"""

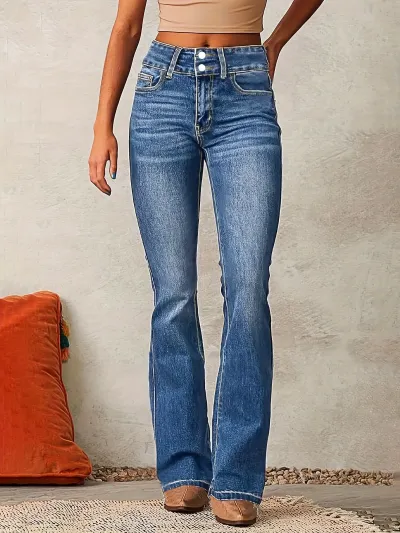 Women Retro Stretch Slim Fit Flared Jeans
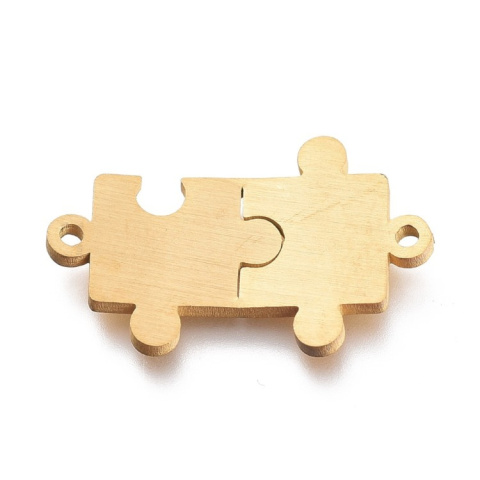 Łącznik puzzle stal chirurgiczna 20x12 mm 1 szt kolor złoty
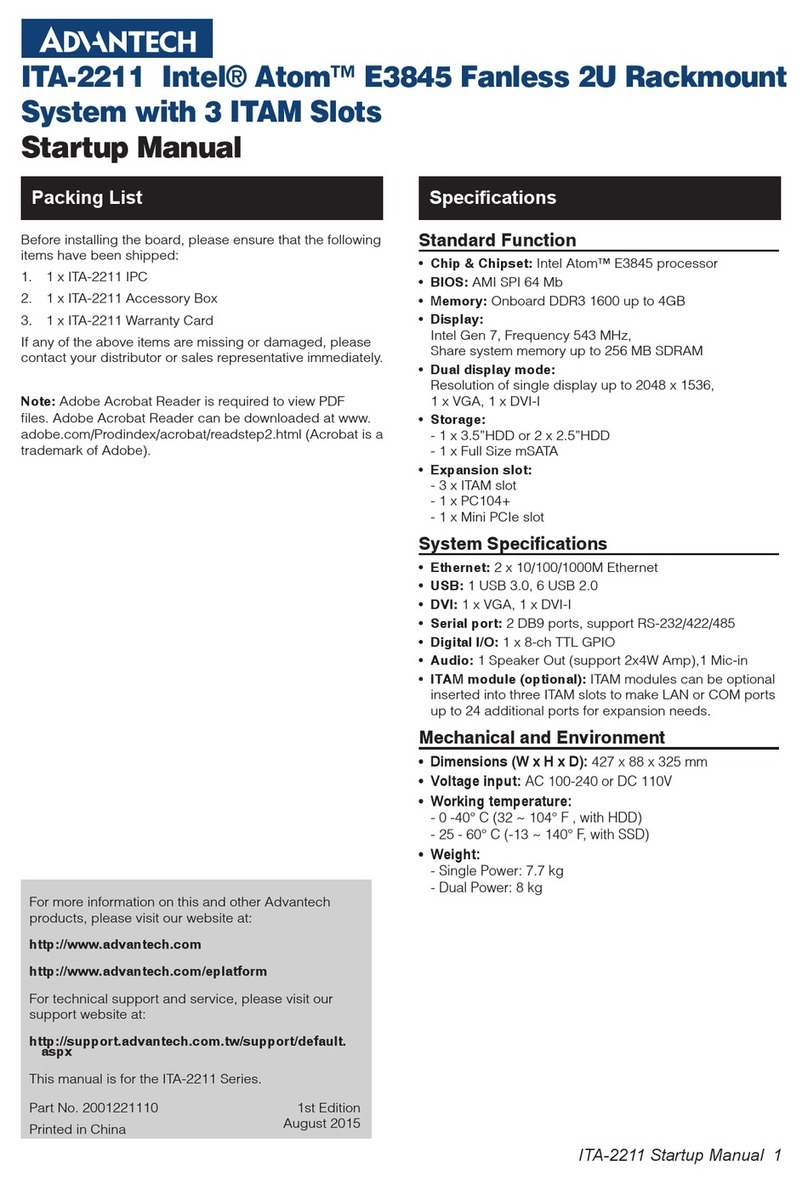Advantech ITA-2211 Startup manual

"""

The material must be returned exactly, with its pictures omitted.

§ Solved problem:
 Women Retro Stretch Slim Fit Flared Jeans
 Łącznik puzzle stal chirurgiczna 20x12 mm 1 szt kolor złoty
Advantech ITA-2211 Startup manual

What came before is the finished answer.